DA POLÍTICA E DO PENSAMENTO 

Não há acção coerente e estável que não seja iluminada por uma doutrina, como não há teoria, por mais neutra que pretenda ser, que não tenha uma projecção (ainda que meramente negativa) na prática.
Por isso mesmo, é que qualquer política tem, na sua base, uma concepção do mundo e sobretudo, do homem. Se a esquerda, como muito bem sublinhou Vasco Pulido Valente, se caracteriza pela paixão da liberdade e da igualdade, é porque assenta numa ideia de homem optimista, directamente bebida em Pangloss. É claro que o homem deve ser livre, se for naturalmente bom, se o mal não lhe puder ser imputado, se tudo o que fizer se encontrar alheio às catástrofes e malfeitorias de que o universo está repleto (os culpados sendo a sociedade, o fascismo, a reacção, etc). Pois como se compreenderia que fossem colocados obstáculos, peias, limites a um ente que é a bondade em pessoa? Como seria legítimo que o submetessem ao que quer que fosse, que o governassem, que sobre ele impendesse uma autoridade?
A anarquia é, assim, a meta lógica da ideologia da liberdade. E se o homem é naturalmente bom e o mal não lhe pode ser imputado, todos os actos humanos serão louváveis, sem discriminação. Nessa altura, serão também equivalentes entre si, isto é, por outras palavras, serão iguais. Mas, se todos os actos humanos são iguais, os sujeitos que os praticam sê-lo-ão da mesma forma, uma vez que se não pode distinguir entre os que agem com equilíbrio e seriedade e os que agem dispatarada ou torpemente. Em suma, não há padrão valorativo que permita destrinçar os vários homens e submetê-los a um juízo axiológico. Não existe, portanto, coisa alguma que esteja acima deles e, da igualdade, exactamente como da liberdade, se deduz, sem hesitação, o anarquismo. Este é o cerne, a conclusão básica dos princípios da esquerda.
Em contrapartida, uma concepção do homem que veja nele um ser imperfeito, imagem de Deus, sim, muito afastada, porém, do seu infinito modelo, dotado de um querer livre e falível, capaz de tanto realizar o bem como o mal, já não implica a idolatria da liberdade e da igualdade, antes conduz a ver nas tendências anarquistas um enorme absurdo. Se há ente que precisa de ser governado é o homem, muito mais do que as forças da natureza e os animais.
À liberdade do homem há que pôr todas as barreiras para que só se exerça no sentido que é valioso, para que não ofenda os seus semelhantes e, em especial, não atente contra as normas superiores que do Absoluto derivam.

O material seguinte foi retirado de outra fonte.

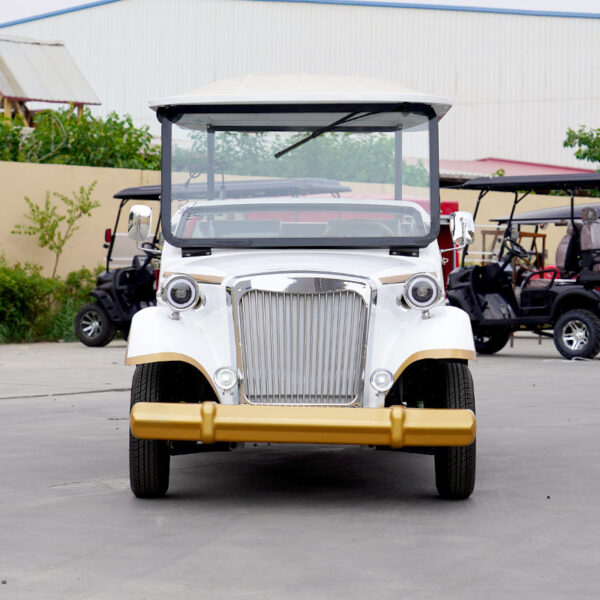 BFF Kepler's highest quality vintage car - 图片 5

Autoridade é, portanto, um dogma fundamental, a condição necessária de toda a civilização, ainda que não seja condição suficiente. E quem diz autoridade diz submissão da liberdade ao que a controle e guie.
Por outro lado, se os homens não são o bem personificado, haverá sempre que distingui-los em função do seu comportamento e, até, das suas capacidades para, com maior ou menor eficiência, servirem os valores (o que não implica já uma apreciação moral e tão só uma apreciação exclusivamente técnica). De qualquer modo, no lugar da igualdade aparece-nos uma outra exigência — a da hierarquia: hierarquia de méritos e hierarquia de competências. E quem diz hierarquia, diz sobreposição de poderes de grau em grau até ao poder mais alto. Em vez da anarquia, de novo nos surge o requisito da autoridade.
Simplesmente, um problema se levanta aqui. Autoridade, sim, dir-se-á, autoridade que tenha por finalidade o estabelecimento e a garantia do que seja objectivamente válido, com plena independência do arbítrio dos homens; autoridade, enfim, guardiã dos interesses da Pátria concebida como um ser que engloba e ultrapassa os indivíduos e estes têm por obrigação categórica de respeitar. Tudo isso estaria óptimo e seria esplêndido. Só acontece que a autoridade unicamente pode ser exercida por homens e que se os homens são imperfeitos e capazes de praticar o mal, como é que a autoridade lhes será confiada? Se no entanto não lhes for confiada não há afinal quem a exerça.
Mais ainda: como é que a autoridade, exercida por homens, conseguirá obviar aos defeitos deles, se são eles que a manejam?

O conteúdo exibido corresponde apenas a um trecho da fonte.